Special Issue Information

Dear Colleagues,

Facial emotion expressivity and facial expression recognition have been active research areas and have attracted increasing attention from researchers in neuroscience, psychology, computer science, linguistics, and related disciplines.

Encouraged by the writings of Charles Darwin, eminent researchers such as Carroll Izard and Paul Ekman developed set of theories and methods on this topic.

Despite the increasing number of studies on facial emotion expressivity and facial expression recognition, the method of assessing and measuring them is challenging and their physiological mechanisms are still not entirely elucidated. Moreover, facial emotion expressivity and facial expression recognition are often impaired in a number of psychiatric and neurodegenerative disorders e.g. Parkinson’s disease and parkinsonism, Huntington’s disease, etc., and the pathophysiological basis underlining these abnormalities is not yet well-known.

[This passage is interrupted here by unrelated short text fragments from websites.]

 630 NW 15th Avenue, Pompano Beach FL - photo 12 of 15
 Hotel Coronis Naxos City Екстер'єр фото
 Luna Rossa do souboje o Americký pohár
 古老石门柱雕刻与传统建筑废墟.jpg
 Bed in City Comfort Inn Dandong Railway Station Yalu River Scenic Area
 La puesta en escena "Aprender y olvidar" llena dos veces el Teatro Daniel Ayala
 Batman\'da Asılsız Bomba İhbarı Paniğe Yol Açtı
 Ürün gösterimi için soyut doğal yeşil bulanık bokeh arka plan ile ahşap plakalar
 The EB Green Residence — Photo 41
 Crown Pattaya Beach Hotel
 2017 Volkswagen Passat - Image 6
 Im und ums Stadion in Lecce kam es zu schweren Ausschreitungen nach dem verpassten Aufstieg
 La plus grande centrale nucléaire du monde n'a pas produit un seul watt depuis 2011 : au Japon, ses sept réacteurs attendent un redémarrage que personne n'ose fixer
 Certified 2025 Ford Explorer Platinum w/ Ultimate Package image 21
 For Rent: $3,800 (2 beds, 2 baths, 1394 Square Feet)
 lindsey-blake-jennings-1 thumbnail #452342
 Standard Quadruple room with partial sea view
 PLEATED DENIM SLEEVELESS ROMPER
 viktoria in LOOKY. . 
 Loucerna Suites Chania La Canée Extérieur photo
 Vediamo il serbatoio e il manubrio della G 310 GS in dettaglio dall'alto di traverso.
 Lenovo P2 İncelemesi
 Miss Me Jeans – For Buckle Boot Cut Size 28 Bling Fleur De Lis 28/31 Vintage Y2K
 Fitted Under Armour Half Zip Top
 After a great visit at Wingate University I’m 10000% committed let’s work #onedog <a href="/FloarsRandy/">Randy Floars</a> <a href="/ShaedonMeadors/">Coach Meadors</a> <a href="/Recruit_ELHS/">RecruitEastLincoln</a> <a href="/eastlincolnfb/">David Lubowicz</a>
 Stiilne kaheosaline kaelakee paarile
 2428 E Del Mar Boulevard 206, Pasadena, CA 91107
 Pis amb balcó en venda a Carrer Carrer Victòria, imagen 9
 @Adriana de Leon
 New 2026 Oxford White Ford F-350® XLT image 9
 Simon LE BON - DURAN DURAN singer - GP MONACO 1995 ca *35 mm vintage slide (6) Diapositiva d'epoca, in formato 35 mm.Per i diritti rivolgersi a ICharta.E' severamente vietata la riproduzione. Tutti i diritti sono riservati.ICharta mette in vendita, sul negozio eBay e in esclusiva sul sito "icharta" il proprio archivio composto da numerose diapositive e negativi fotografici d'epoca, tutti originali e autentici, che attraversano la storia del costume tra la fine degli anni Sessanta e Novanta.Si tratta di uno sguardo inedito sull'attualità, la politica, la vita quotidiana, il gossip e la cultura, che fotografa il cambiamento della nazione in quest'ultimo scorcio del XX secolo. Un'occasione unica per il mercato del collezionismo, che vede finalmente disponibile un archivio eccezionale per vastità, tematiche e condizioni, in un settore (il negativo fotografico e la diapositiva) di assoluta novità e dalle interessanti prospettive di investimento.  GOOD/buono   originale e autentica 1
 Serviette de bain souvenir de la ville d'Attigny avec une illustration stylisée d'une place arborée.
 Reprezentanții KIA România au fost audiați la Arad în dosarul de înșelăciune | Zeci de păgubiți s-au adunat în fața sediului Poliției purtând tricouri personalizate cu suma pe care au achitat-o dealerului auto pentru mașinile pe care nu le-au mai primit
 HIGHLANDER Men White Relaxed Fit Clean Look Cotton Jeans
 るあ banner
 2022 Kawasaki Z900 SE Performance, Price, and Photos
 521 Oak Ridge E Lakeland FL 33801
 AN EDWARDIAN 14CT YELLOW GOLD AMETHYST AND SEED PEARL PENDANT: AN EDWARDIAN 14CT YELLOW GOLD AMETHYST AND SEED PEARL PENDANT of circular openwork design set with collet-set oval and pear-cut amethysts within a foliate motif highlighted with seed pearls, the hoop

In this Special Issue, we are interested in the processes and the neural structures involved in facial emotion expressivity and facial expression recognition, as well as in classic and innovative ways of assessing facial expressions in healthy people and in people with neuropsychiatric disoders. Studies using various methods, including electrophysiology and non-invasive brain stimulation techniques, motion analysis, and neuroimaging are welcomed.

Dr. Lucia Ricciardi
Dr. Matteo Bologna
Guest Editors

Manuscript Submission Information

Manuscripts should be submitted online at www.mdpi.com by registering and logging in to this website. Once you are registered, click here to go to the submission form. Manuscripts can be submitted until the deadline. All papers will be peer-reviewed. Accepted papers will be published continuously in the journal (as soon as accepted) and will be listed together on the special issue website. Research articles, review articles as well as short communications are invited. For planned papers, a title and short abstract (about 100 words) can be sent to the Editorial Office for announcement on this website.

Submitted manuscripts should not have been published previously, nor be under consideration for publication elsewhere (except conference proceedings papers). All manuscripts are thoroughly refereed through a single-blind peer-review process. A guide for authors and other relevant information for submission of manuscripts is available on the Instructions for Authors page. Brain Sciences is an international peer-reviewed open access monthly journal published by MDPI.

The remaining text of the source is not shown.